However, if you go into work and tell your colleagues that you spent your weekend meditating, doing yoga and trying out a new plant-based recipe book, chances are you’ll be seen as some sort of radical, hell-bent on imposing your utterly boring lifestyle on others.

While we have this cultural outlook, we are all responsible for those who do not take the advice on the label and “drink responsibly”.

We accept, in our society, that young people will, until they learn to hold their drink, throw up everywhere and have nights they cannot remember because “it’s all part of growing up”.

Learning to tie your shoe laces is part of growing up. So is learning that pretending to like the same music as someone will not make them fancy you. I’m not sure if getting hammered to the point of blackout every weekend needs to be. So why do we accept its inevitability?

We don’t let our hair down enough sober. We make friends when drunk at weddings then feel slightly awkward with them the next day at the breakfast buffet. If someone asks us how we are, we give a polite answer; we don’t put them in a position of actually having to listen to our feelings. Unless we have had a drink. Then we can’t stop banging on about our feelings before suddenly cutting our conversation dead because Chaka Khan’s “Ain’t Nobody” has come on and “I just have to dance to this!”

When I was 20, a friend stayed in one Friday night because she was too engrossed in her book to come out and get catastrophically drunk with the rest of us. I envied her. Fancy being so grounded that you can stand your own company on a Friday night.

I send myself demented thinking about my children having similar escapades as me when drunk. Climbing onto roofs, wandering off with strangers, stealing small statues… I don’t want this to be inevitable for them.
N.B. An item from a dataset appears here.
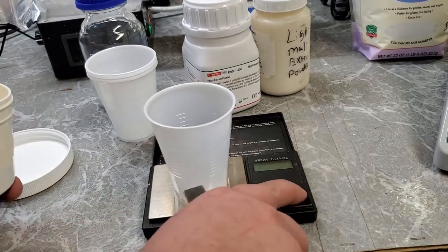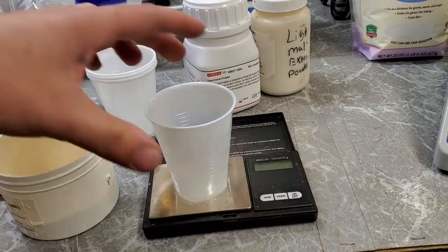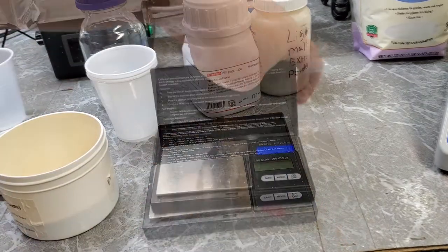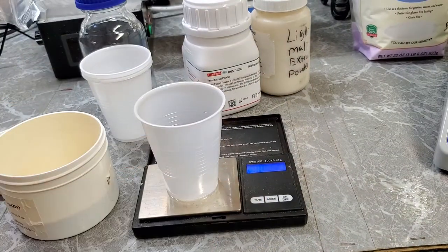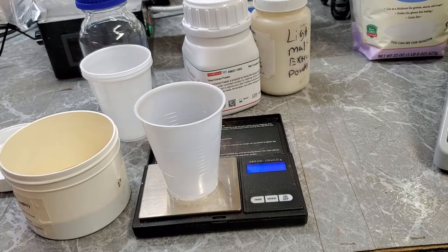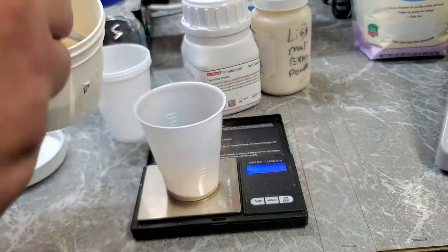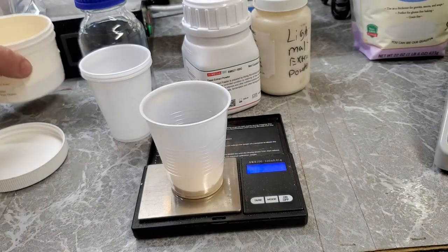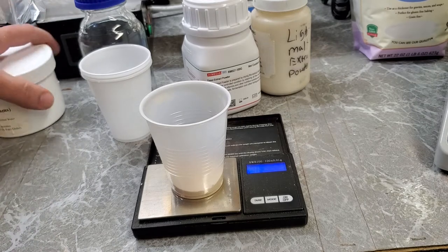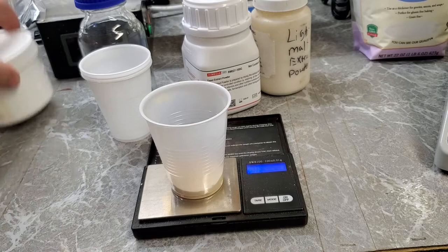Let me turn this on — my battery's dead. Hold on. New batteries installed. Okay, now I'm just going to weigh out 10 grams of this. I'll speed this part up so it doesn't take up a lot of time. 10.00 grams according to this little scale — I'll take that any day of the week.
I want what most parents want for their children: for them to be still, sober and glued to me until they are 97 and ready to venture into the world on their own.

So, if it isn’t possible to completely change our culture so that young people regard three camomile teas in a row to be the height of hedonism, then drunk tanks should be provided and paid for by the rest of us who perhaps could have done with them in our own hazy days.